Israeli Prime Minister Benjamin Netanyahu recently confirmed that successful negotiations need to start with the 1967 boundaries, coupled with land swaps, the same notion he crucified President Barack Obama for embracing during his March visit to the US. But Netanyahu has made no move for a restart of negotiations. Most recently he set up 100 settler security teams around West Bank settlements to stem protests over the request for UN recognition of an independent Palestinian state, presumably anticipating a repeat of the May and June incursions, with thousands of Palestinians and their supporters trying to cross Israel’s borders from Lebanon and Syria.
The whole world, especially the diplomatic Quartet on the Middle East – the US, the UN, Russia and the EU, represented by Tony Blair – realizes that Israel’s immobility in the face of such dynamic changes in the neighbourhood.
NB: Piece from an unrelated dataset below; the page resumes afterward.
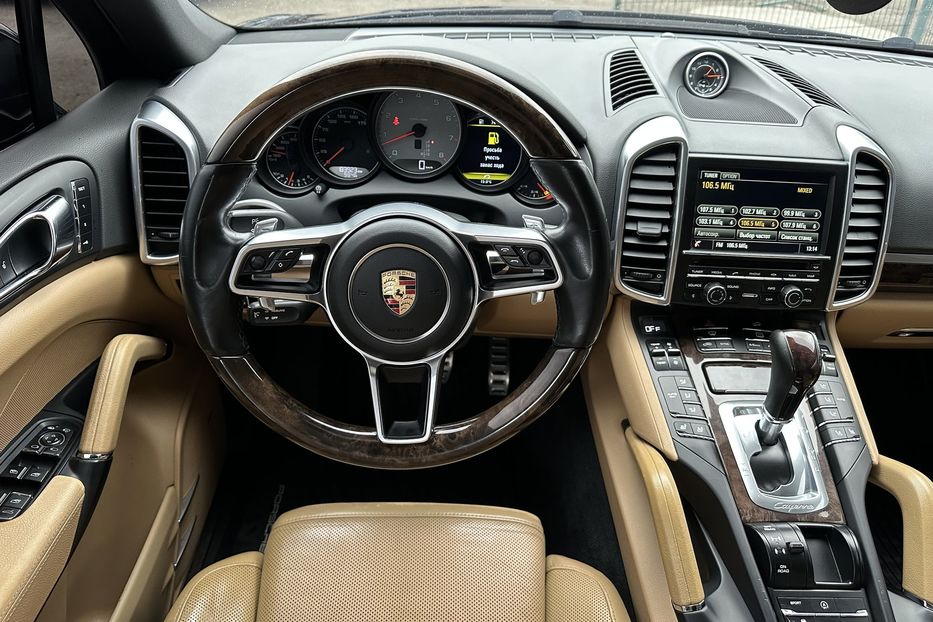 Продам Porsche Cayenne S 2015 года в Киеве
Such immobility, reinforcing militancy and creating increasingly capable enemies at worst and newly competitive democracies at best, can only undermine its long-term security. Demographic trends within Israel and the Palestinian territories, with the Palestinian population forecast to grow rapidly even in the absence of any major “right of return” from abroad being agreed upon, work against Israel’s long-term ability to maintain the status quo.
The overriding fact is that the two-state solution to which everyone still pays lip service is increasingly in jeopardy. The one-state alternative, eventually dominated by non-Jews, can only be viewed as an existential threat to the Jewish state.
Obama is admittedly unpopular in Israel – with the right wing majority because he initially weighed in heavily on curbing settlement activity and then with the “Peace Now” minority after his retreat, presumably because of pressure from the Jewish lobby at home and his specific concern with Florida’s Jewish population in the 2012 presidential election.
Obama needs to speak up now and stop equivocating. He must use his eroding capital and place US proposals for peace and mutual security before the Knesset and the world. For decades, it’s been abundantly clear that the parties cannot move without US help. And time is decidedly not on the side of securing an agreement following the basic contours of what’s been negotiated and deemed workable over the same many decades. Even if no new negotiations can be expected before the UN vote, the US leadership position will be clear for all to see.